The required output is the stretch from the line containing "乐舞告祭环节的现场。　杭州市文物遗产与历史建筑保护中心 供图" through the line containing "Travertin salontafel/bijzettafel, Huis" in the records below, unaltered and with no pictures.

===== Supplied data =====

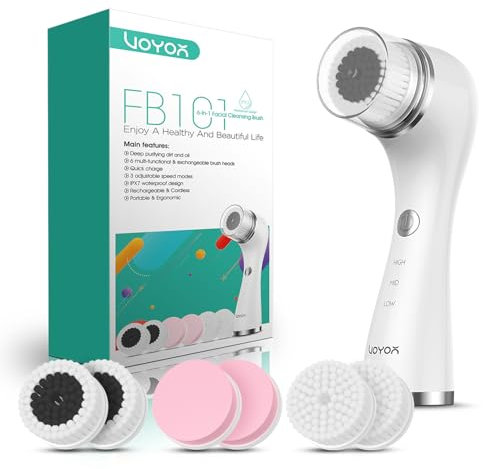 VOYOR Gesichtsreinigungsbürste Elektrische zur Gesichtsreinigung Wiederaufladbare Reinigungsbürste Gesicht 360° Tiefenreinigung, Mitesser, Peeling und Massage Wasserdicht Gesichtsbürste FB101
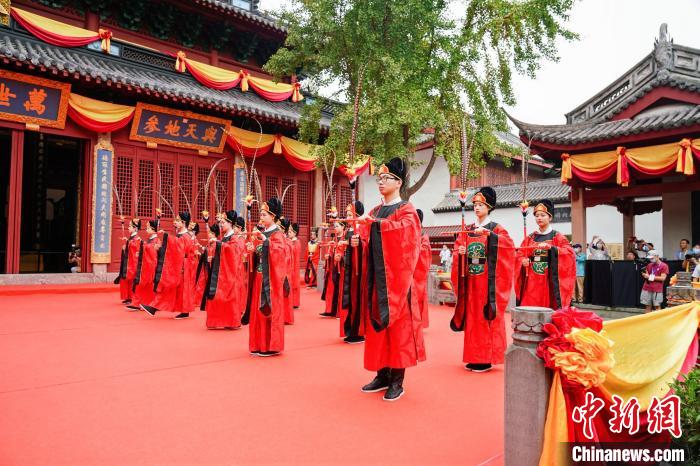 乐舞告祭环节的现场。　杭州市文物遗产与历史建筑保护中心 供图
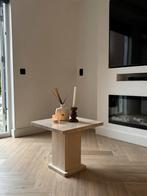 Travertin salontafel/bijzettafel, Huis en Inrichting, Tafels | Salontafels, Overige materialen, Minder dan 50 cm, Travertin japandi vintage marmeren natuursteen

=====
===== Supplied data =====

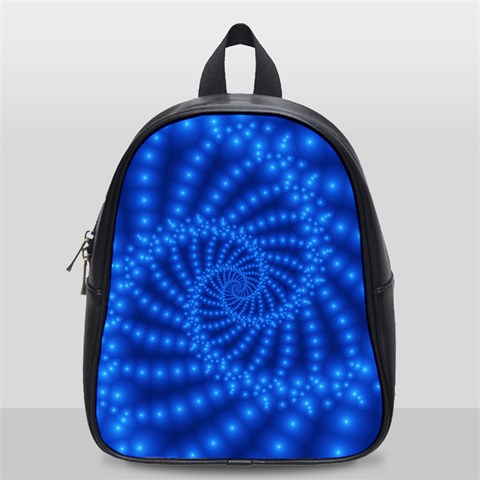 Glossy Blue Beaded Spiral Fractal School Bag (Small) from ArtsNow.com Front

=====

* _Answer to this task_
 乐舞告祭环节的现场。　杭州市文物遗产与历史建筑保护中心 供图
 Travertin salontafel/bijzettafel, Huis en Inrichting, Tafels | Salontafels, Overige materialen, Minder dan 50 cm, Travertin japandi vintage marmeren natuursteen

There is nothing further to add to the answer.